But some Texans have also demonstrated an uncanny knack for ripostes: Time after time, they have shown themselves capable of swift and effective responses to attacks. A Texas president hailing from a bastion of Jim Crow signed the Civil Rights Act, and access to abortion was won by Texas attorneys Linda Coffee and Sarah Weddington, who represented the plaintiff in Roe v. Wade. Notwithstanding a sudden willingness among a majority of the Justices on the Supreme Court of the United States to conveniently ignore the doctrine of stare decisis (regardless of their sworn fealty to it during their confirmation hearings), individual Texans may find that the solution to restoring the right to an abortion in the Lone Star State is rooted in the Texas—not the federal—Constitution.

The Dobbs decision overruled Roe with repeated directions to each state to determine its own laws. Justice Samuel Alito wrote in his introduction and conclusion that the regulation of abortion is a decision for the citizens of each state, citing the late Justice Antonin Scalia’s separate opinion in Planned Parenthood v. Casey, a 1992 decision that upheld Roe

It is time to heed the Constitution and return the issue of abortion to the people’s elected representatives. “The permissibility of abortion, and the limitations, upon it, are to be resolved like most important questions in our democracy: by citizens trying to persuade one another and then voting.” That is what the Constitution and the rule of law demand.

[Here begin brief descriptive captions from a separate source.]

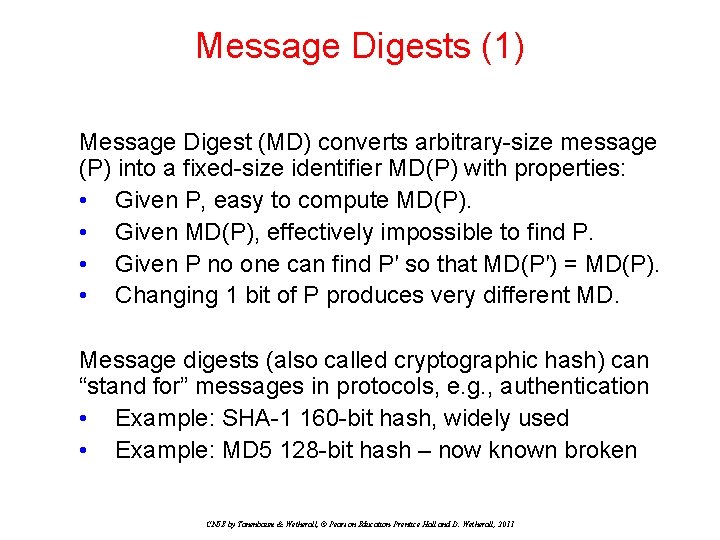 Message Digests (1) Message Digest (MD) converts arbitrary-size message (P) into a fixed-size identifier Message Digests (1) Message Digest (MD) converts arbitrary-size message (P) into a fixed-size identifier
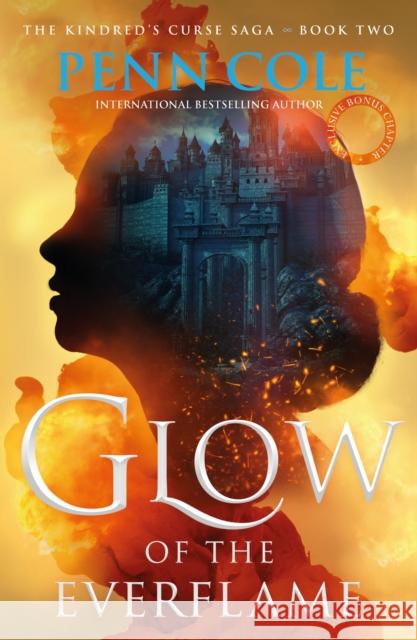 Glow of the Everflame: The second book in an irresistibly epic and angsty romantasy series Penn Cole 9781035428946 Headline Publishing Group - książka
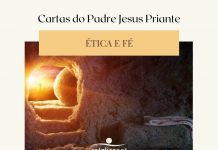 5º Domingo da Páscoa – Ética da Fé – Cartas do Padre Jesus Priante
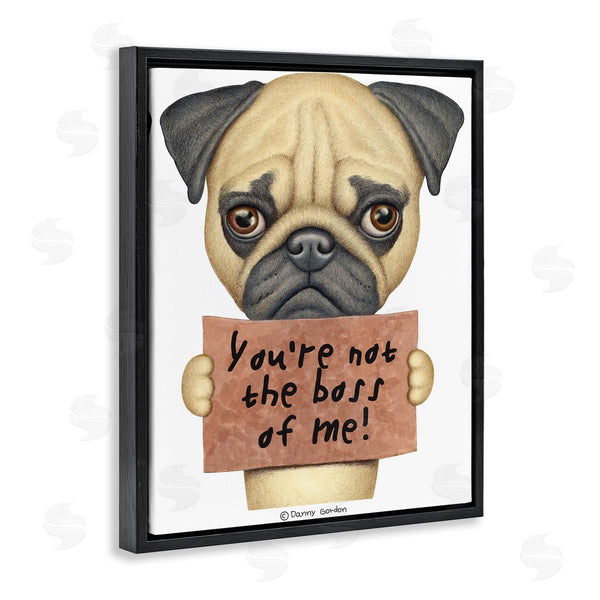 Stupell Industries Danny Gordan | Not The Boss Of Me Dog Phrase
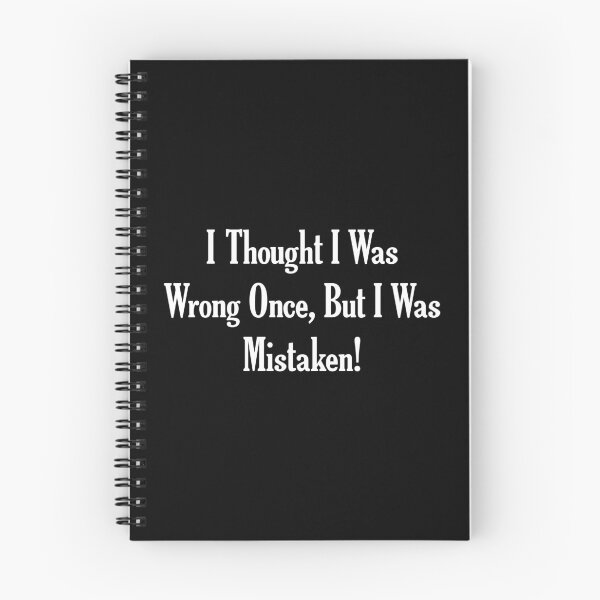 Item preview, I Was Not Wrong, I Was Mistaken designed and sold by divebargraphics.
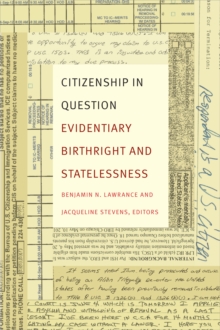 Citizenship in Question : Evidentiary Birthright and Statelessness, Hardback Book Citizenship in Question : Evidentiary Birthright and Statelessness, Hardback Book
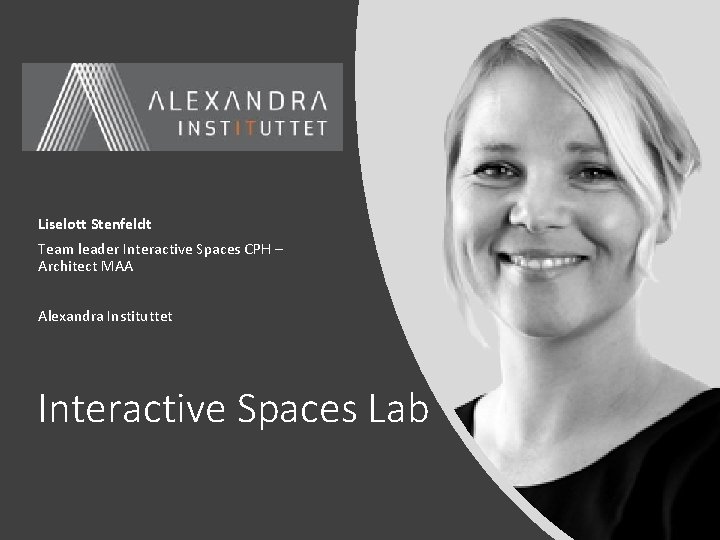 Liselott Stenfeldt Team leader Interactive Spaces CPH – Architect MAA Alexandra Instituttet Interactive Spaces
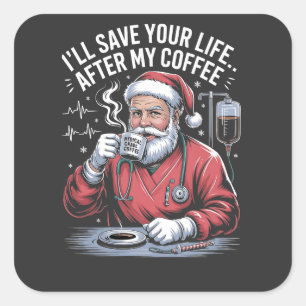 Adesivo Quadrado Vou Salvar sua Vida Depois do Meu Café Papai Noel 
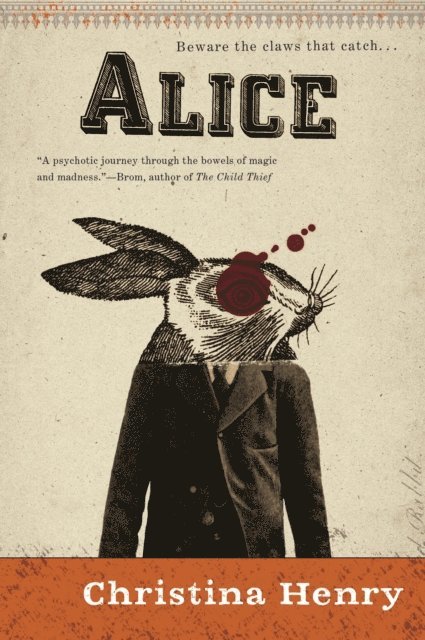 Christina Henry - Alice, E-bok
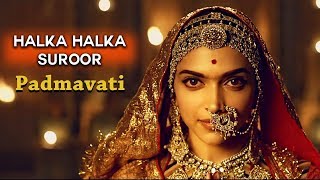 Halka Halka surror official song padmavati 1080p | Ranveer singh | Shahid kapoor |Deepika padukon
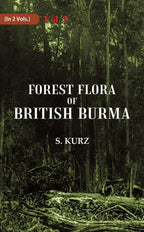 Forest Flora of British Burma 2nd - Gyan Books | Grocsy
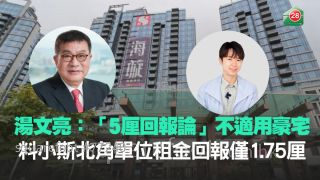 湯文亮：「5厘回報論」不適用豪宅　小斯北角單位租金回報料僅1.75厘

In sum, the Supreme Court majority turned its back on recognizing abortion as a “fundamental right” subsumed under the constitutional rights of privacy or liberty.

There is, however, a silver lining: Now that the right to abortion has been eviscerated at the federal level, the legal and political response can come from Texas “citizens trying to persuade one another and then voting.” In Texas, the rights to privacy and liberty still stand strong in Texas legal precedent, our Texas Constitution, and Bill of Rights. 

Let’s look at the current law of Texas, based on our own foundational documents. In 1988, the Texas Supreme Court, under the leadership of Chief Justice John Hill—an elected Democrat—cemented Texas’ broad constitutional privacy rights, favorably citing the reasoning of the federal Supreme Court in cases involving the right to birth control in Griswold v. Connecticut (1965) and abortion in Roe (1973). Hill, a renowned lawyer from Houston, served with distinction as the Texas attorney general prior to being elected chief justice in 1984. As state attorney general, Hill devised strategies for state agencies to properly implement the Roe decision.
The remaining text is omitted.